Lee Hall, the westernmost station in Warwick County, was named for the nearby mansion of Richard Decatur Lee. During the 1862 Peninsula Campaign of the American Civil War, it served as the headquarters of Confederate General John B. Magruder. A tiny village which came to be known as Lee Hall, Virginia developed after the railroad opened and built the Lee Hall Depot.

Lee Hall Depot became a bustling railroad station after the 1918 establishment nearby of Camp Abraham Eustis, later renamed Fort Eustis at Mulberry Island. The depot was strategically located along the mainline midway between Skiffe's Creek and the Warwick River and was close to the access point to the base. Lee Hall Depot handled heavy troop movements during both World Wars.

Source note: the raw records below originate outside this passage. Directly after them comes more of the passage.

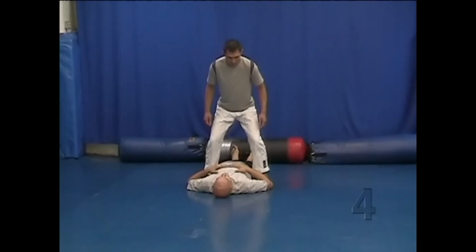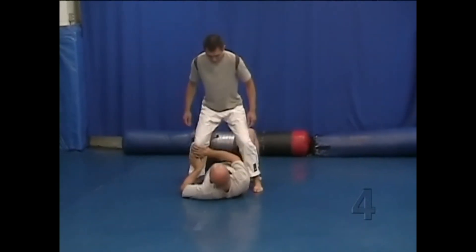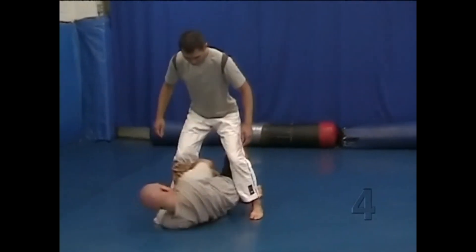Backward shrimping with a partner. Start with your partner straddling you, his legs roughly at the level of your floating ribs. Shrimp backwards, using one or two legs, whichever you want.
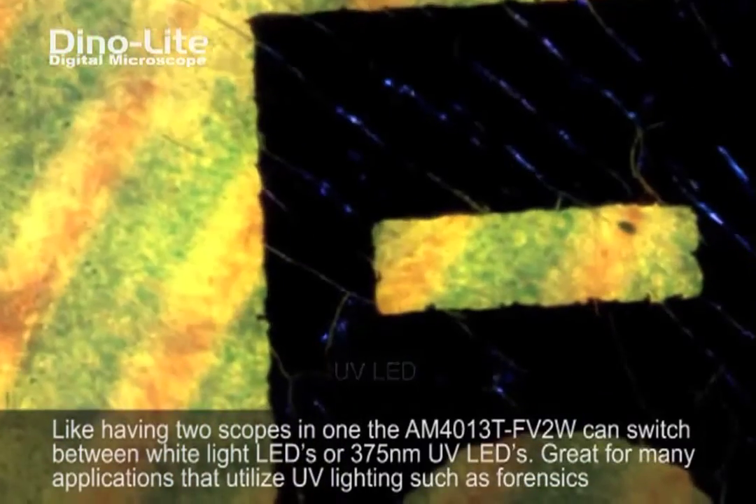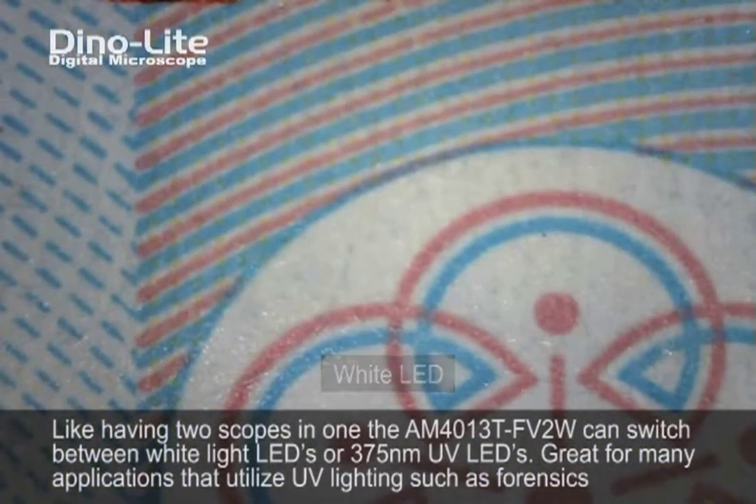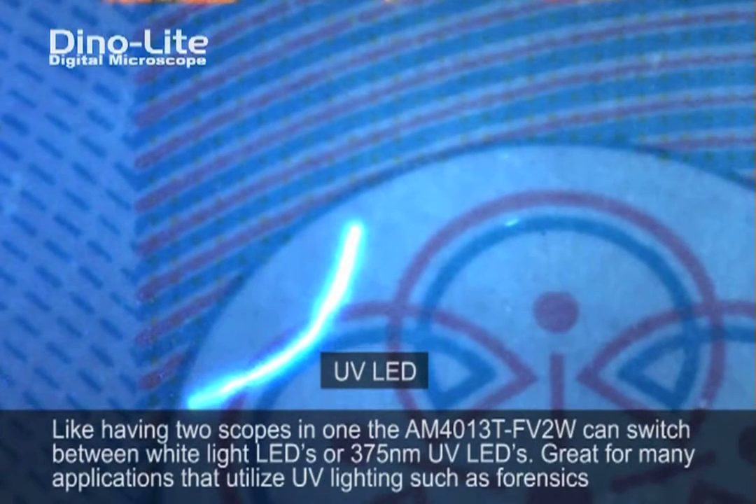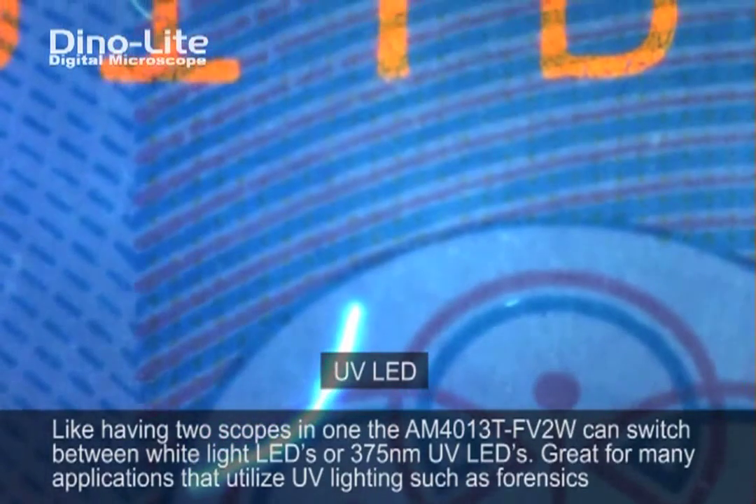As you can see within our demonstration, we are using a number of different objects and looking to see if anything fluoresces on them or if they have any identifying markings. We do!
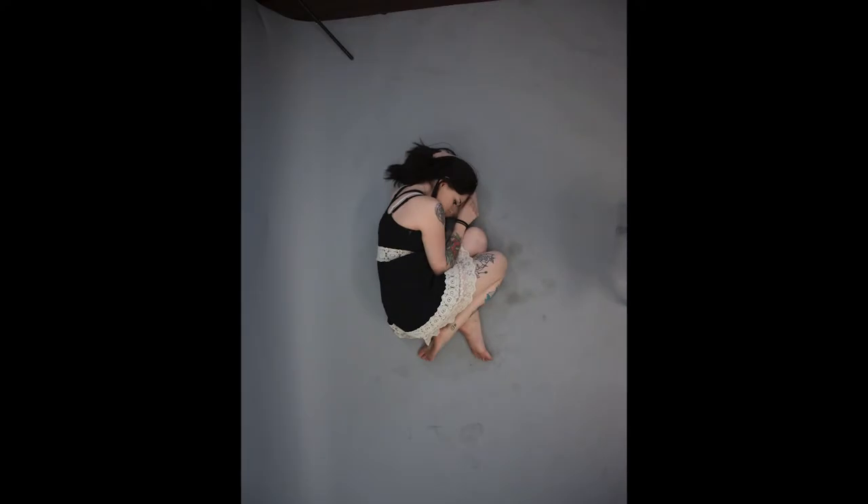The reference photo I'm using for this painting is from a shoot I did with a friend of mine. While we got a lot of great shots, which I'll be using for future paintings, I chose this one for its simplicity and beauty.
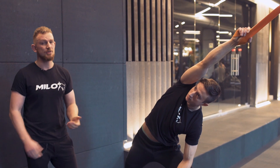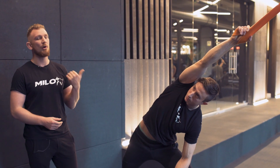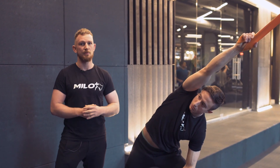To get a good stretch, stay in this position maybe 20-30 seconds, but most importantly focus on your breathing. Take big breaths in and breathe all the way out. While you're breathing out, try to relax as much as possible.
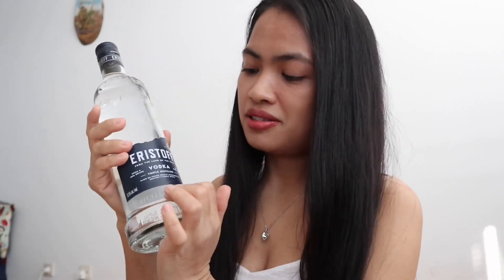Hi everyone, I hope you are doing well today. So for today's vlog I want to make something different, because nowadays it's hard to buy hand sanitizer. So I will make a DIY, or do-it-yourself, hand sanitizer. For this one I want to use vodka.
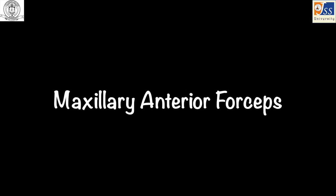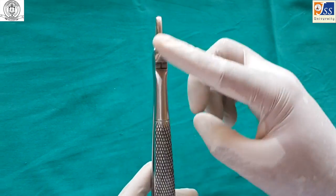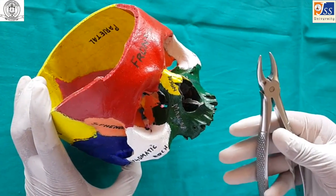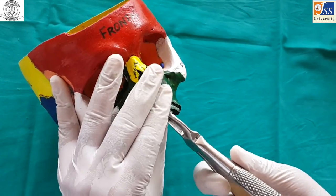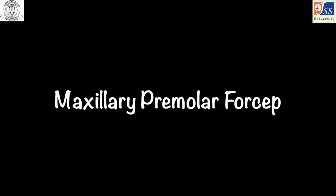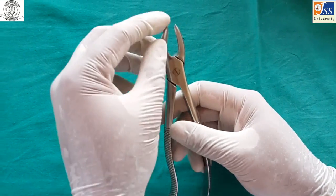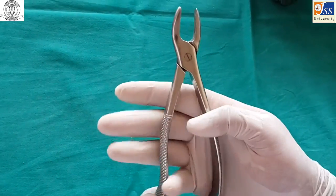Maxillary anterior forceps is used for the extraction of maxillary anterior teeth; this forceps is completely straight. Maxillary premolar forceps is used for the extraction of maxillary premolars; it is slightly curved and is held so that the concave part of the handle rests on the palm.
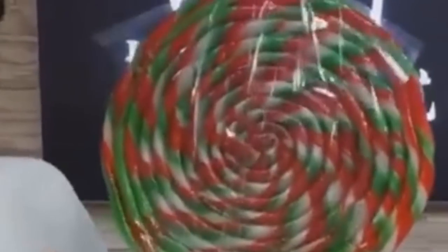We got candy cane deliciousness — a custom-made candy cane. That's insane. Imagine going to a store and saying 'I want the biggest candy cane you've got' and they make this fresh for you. Could not be me, but I respect it. World's biggest candy cane!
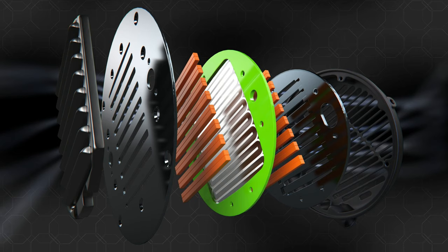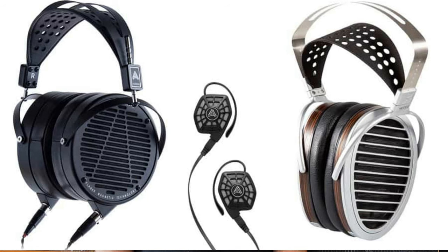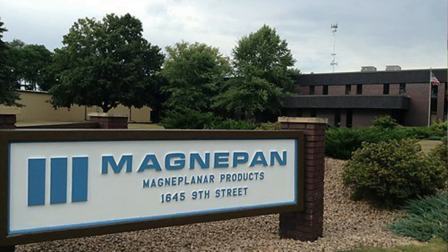MagnaPlanar technology is of course used in other things apart from MagnaPans — a lot of high quality planar headphones use exactly the same principle. MagnaPans are all made in White Bear Lake, Michigan at the MagnaPan factory, and they start with the LRS, or Little Ribbon Speaker, that sells for about $649, going right through to the $30,000 top-end MagnaPans.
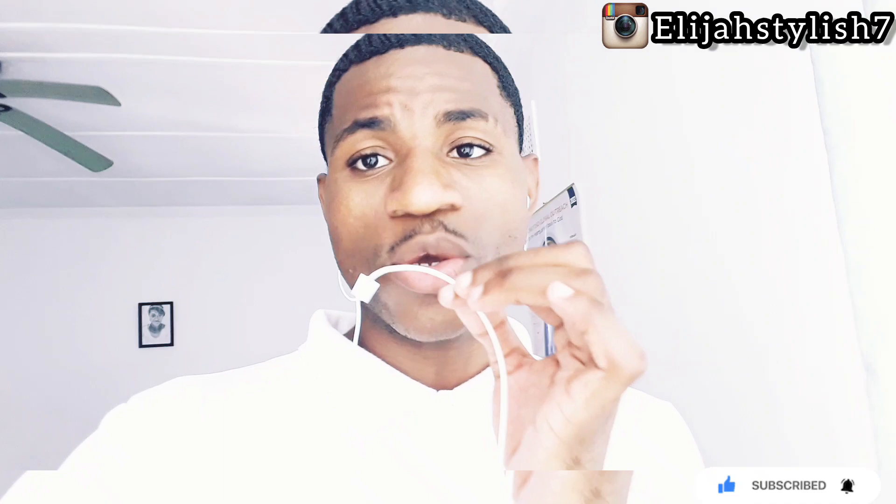Thank you so much for hopping on to my video. I love you so much. Be cool, stay wavy, keep brushing — discipline is the key, remember that. Wave ain't easy man, same as working out. Catch you in the next video, stay cool.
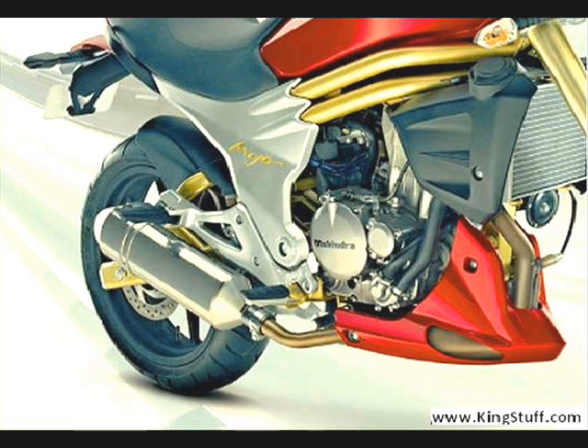Engine type of the Mojo 300 Bike is 4 Valves Direct Drive, Liquid Cooled. The maximum power of the Mojo 300 is 19.3 kW at 8500 rpm and the maximum torque of the Mojo 300 is 24 Nm at 7000 rpm. The displacement of the Mahindra Mojo Bike is 292 cc.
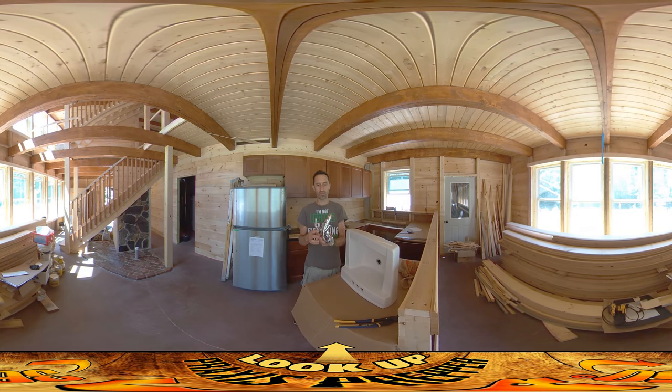For right now I'm installing these new fixtures that came from the plumber. This is a Delta faucet and it's going to be going right in here. These things generally tend to be pretty universal — don't quote me on that, I'm sure there are some exceptions — but the openings here in the sink seem like they're going to work just fine for this.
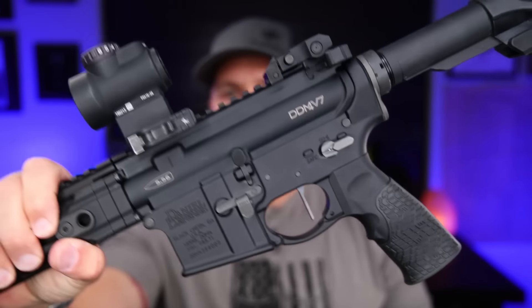What's going on everybody? We are getting back into this bad boy right here — the DDM4 V7 that I bought a couple of months ago. If you haven't seen my original video on that, I'll link it down below. I love me some Daniel Defense, and I said that in that video as well. Let me know if you like Daniel Defense too, and why.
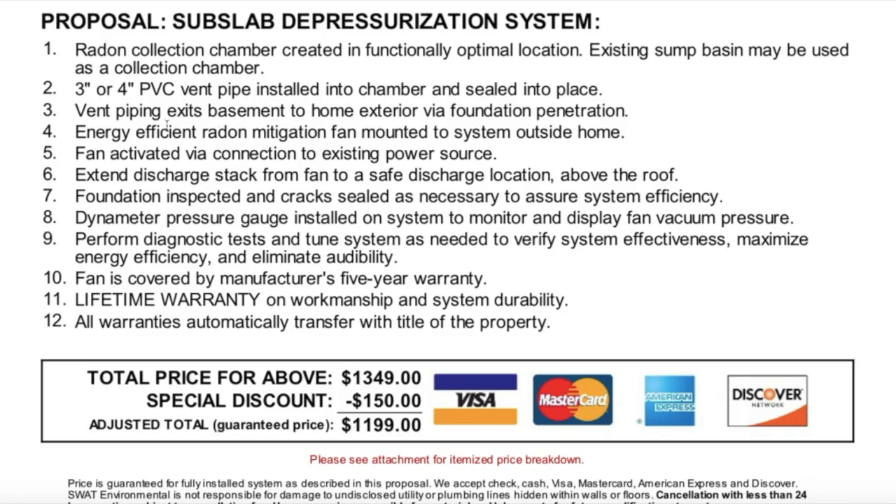Number four, an energy efficient radon mitigation fan mounted to the system outside the home — unlike our current house where the fan is in the attic. Number five, fan activated via connection to existing power source; if no outlet exists they will install one to meet proper code. Number six, extend the discharge stack from the fan to a safe discharge location above your roof. Number seven, foundation inspected and cracks sealed to assure system efficiency. Number eight, a pressure gauge installed on the system.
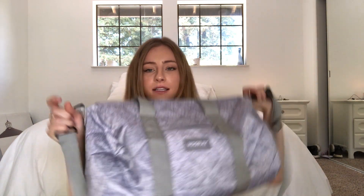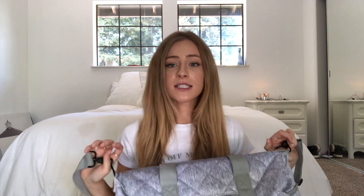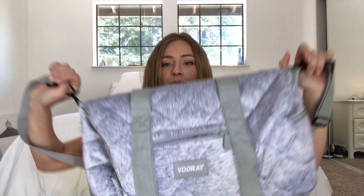So this is my gym bag. I think it's so cute. I got sent this gym bag — this is sponsored by the way — but I actually like their gym bags. It's by VooRay. I used to think it was VooRoo, but I guess it's VooRay. I mean, VooRoo doesn't even make sense.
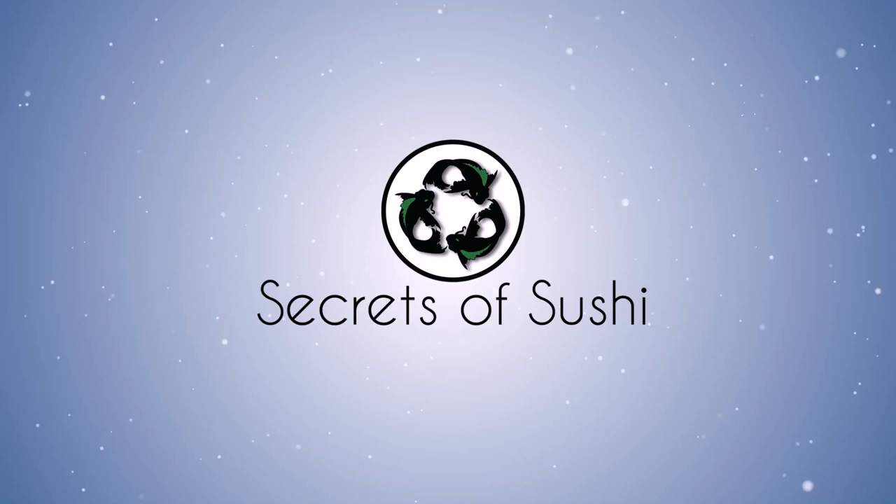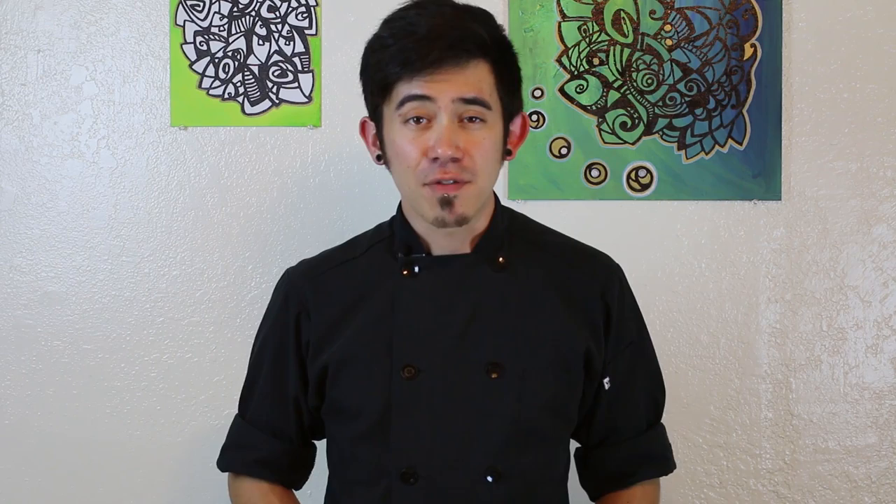Hey guys, my name is Brian Skinner from SecretsOfSushi.com and this is 3 Minutes of Sushi. These videos are made from questions being sent to me from people just like you. If you have a question you'd like me to answer, shoot me an email at brian@SecretsOfSushi.com. And this week's question is: can you refreeze fish for sushi?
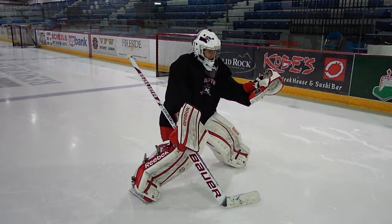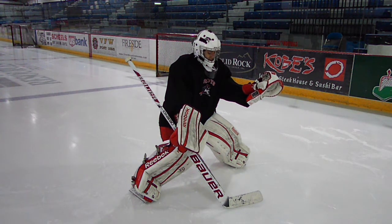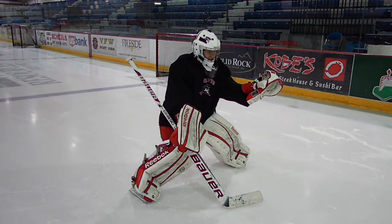This is an important skill for goaltenders to develop, especially as they get to the higher levels of hockey — that they be able to stop the puck behind the net, or if it's a dump in, stop the puck, control it, stick handle, and give a good pass to one of their teammates.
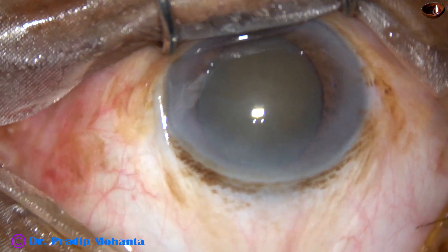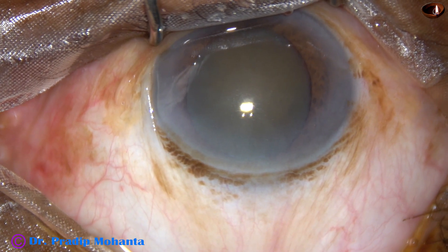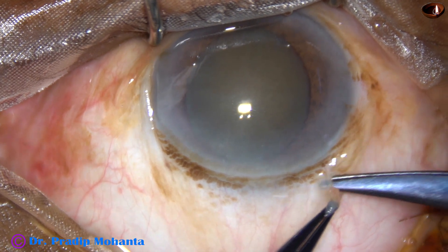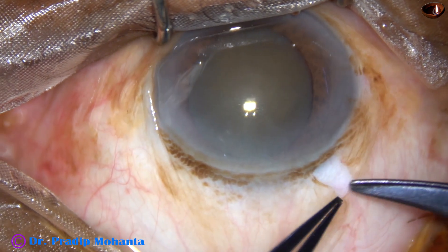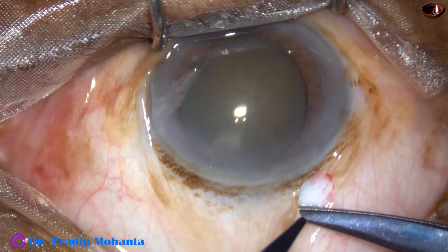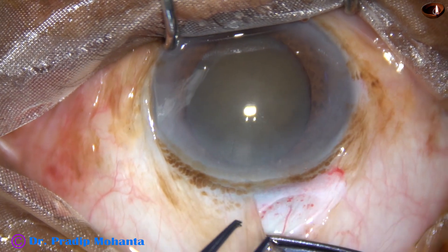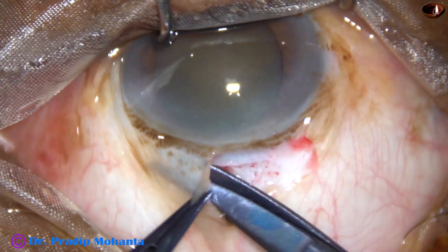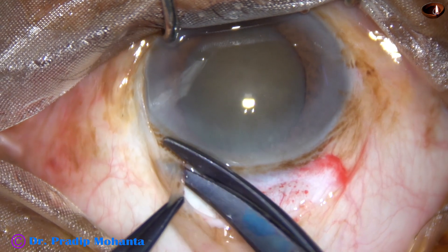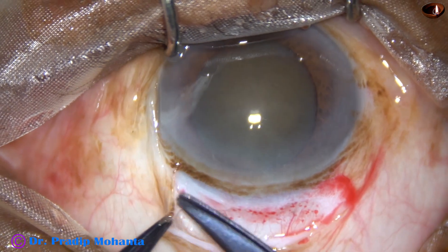Now we have to do conjunctival peritomy. The incision is going to be about 8 mm, because the cataract is quite hard. There is a thick Tenon's — making an opening in the Tenon's and doing the peritomy along the posterior part of the limbus. Peritomy is done.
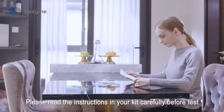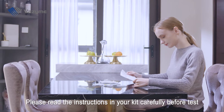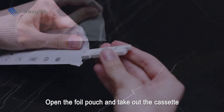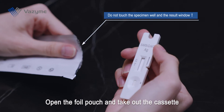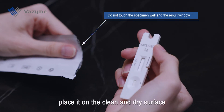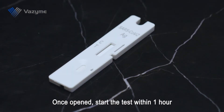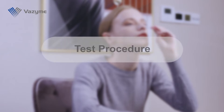Please read the instructions in your kit carefully before the test. Open the foil pouch and take out the cassette. Place it on a clean and dry surface. Once opened, start the test within one hour. Test procedure.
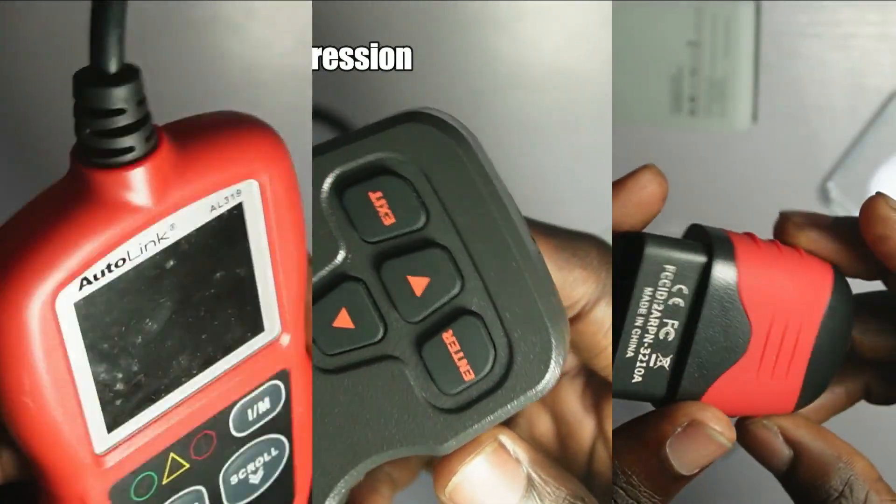Hey guys, Joseph Hart here. In our previous discussions, we've explored three different car diagnosis scanners.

In 2009, the station was moved 165 feet, across CSX-owned tracks, to prevent it from being demolished by CSX. The building was reopened as a local history museum in July 2021.

As of 2022, the Lee Hall Depot is the only surviving C&O structure of its type on the Peninsula and the only surviving C&O station which was located in Warwick County, the others were formerly located at Oriana, Oyster Point, Morrison, and Newport News.

==CSX Ownership==

The Peninsula Subdivision is a railroad line owned by CSX Transportation in the U.S. State of Virginia. It was formerly part of the CSX Huntington East Division. It became part of the CSX Florence Division on 20 June 2016. The line runs from Newport News, Virginia to Richmond, Virginia for a total of 82.3 mi. At its east end the line dead-ends, and at its west end in Richmond, the line continues west as the Rivanna Subdivision with connections to the Bellwood Subdivision and the Buckingham Branch Railroad.